A one-step strategy for ultra-fast and low-cost mass production of plastic membrane microfluidic chi
Chong Hu, Sheng Lin, Wanbo Li, Han Sun, Yangfan Chen, Chiu-Wing Chan, Chung-Hang Leung, Ma Dik-Lung*, Hongkai Wu* and Kangning Ren*, A One-Step Strategy for Ultra-Fast and Low Cost Mass Production of Plastic Membrane Microfluidic Chips, Lab Chip, 2016, 16, 3909-3918. (featured as journal front outside cover)
This paper was recently published on Lab Chip and selected as the cover page story.
While paper-based microfluidics has made nice progress in applications with open-channel designs, the cost of device production and supporting apparatuses has still been a major hurdle to the commercial implementation of sealed-channel microfluidic technologies. In this work, we developed an ultra-fast and cost-effective method for fabricating flexible microfluidic chips with plastic membranes. The mechanism of the method is different from previous methods for microfabricating plastics, e.g., hot embossing or thermal forming. With this method, we could fabricate plastic microfluidic chips very rapidly (within 12 sec/ piece) at an extremely low cost (less than 0.01$/ piece).

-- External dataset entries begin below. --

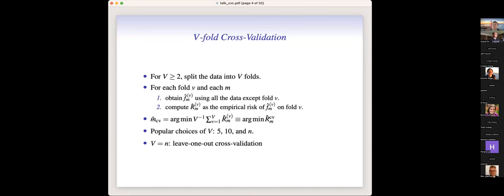Here comes cross-validation. When we do risk minimization and model selection, V-fold cross-validation is perhaps one of the most widely used methods. We split the data into folds, and for every fold, we fit the model estimate for all candidates using all the data except that fold. We then evaluate the empirical risk of the fitted model on that fold, circulate this over all folds, and average them up to form the final cross-validation estimate of the risk for each candidate model. Then we take the minimum of all these cross-validated risk estimates. Popular choices for the number of folds are 5, 10, and N for leave-one-out cross-validation.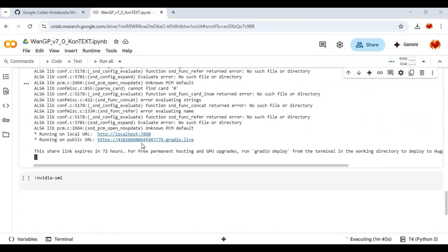When you see local URL and Gradio URL, click on the link. Click on Gradio URL to launch 12GP 7.0.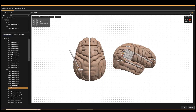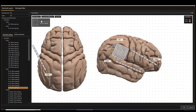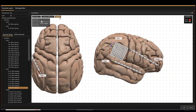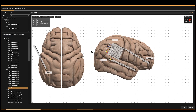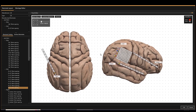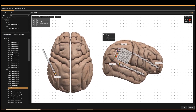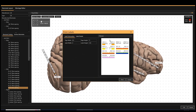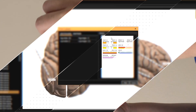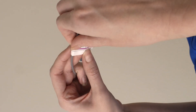At any time during a case, reassign ground or reference to any contact on any amplifier from the software without the need to manually relocate any electrodes. You can also print labels for electrode connector cables.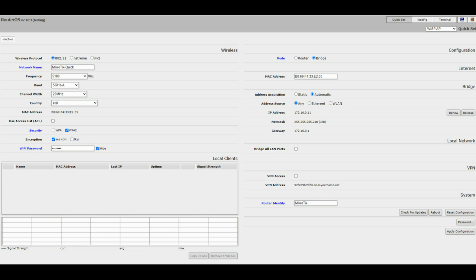Additional configuration may be set depending on router board model. Most models have the ether1 configured as a WAN port and any communication with the router through that port is not possible, since it is firewalled to protect from any outside access.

In this article, we explained why the method could achieve such performance and why our method is novel. In general, two key points made the method possible: (1) a unique strategy to create microchannels and bond the channel roofs in a single step; (2) a stamp made in Teflon, prepared using our published method. The production is a green process with neither chemical reaction nor solvent involved.
The produced chips could realize normal microfluidic functions such as valving, droplets generation, electrophoretic separation; they also offer additional functions such as on-chip peristaltic pumping and controlled delivery of desired volume of liquid, without the need of external pumps or compressed air. These plastic membrane chips are more resistant to the evaporation of solvents and fouling of small molecules as compared to PDMS chips. While the fabrication scheme would be inspiring for the fields of microfabrication and functional materials, this method holds great potential in promoting the commercial implementation of microfluidic systems.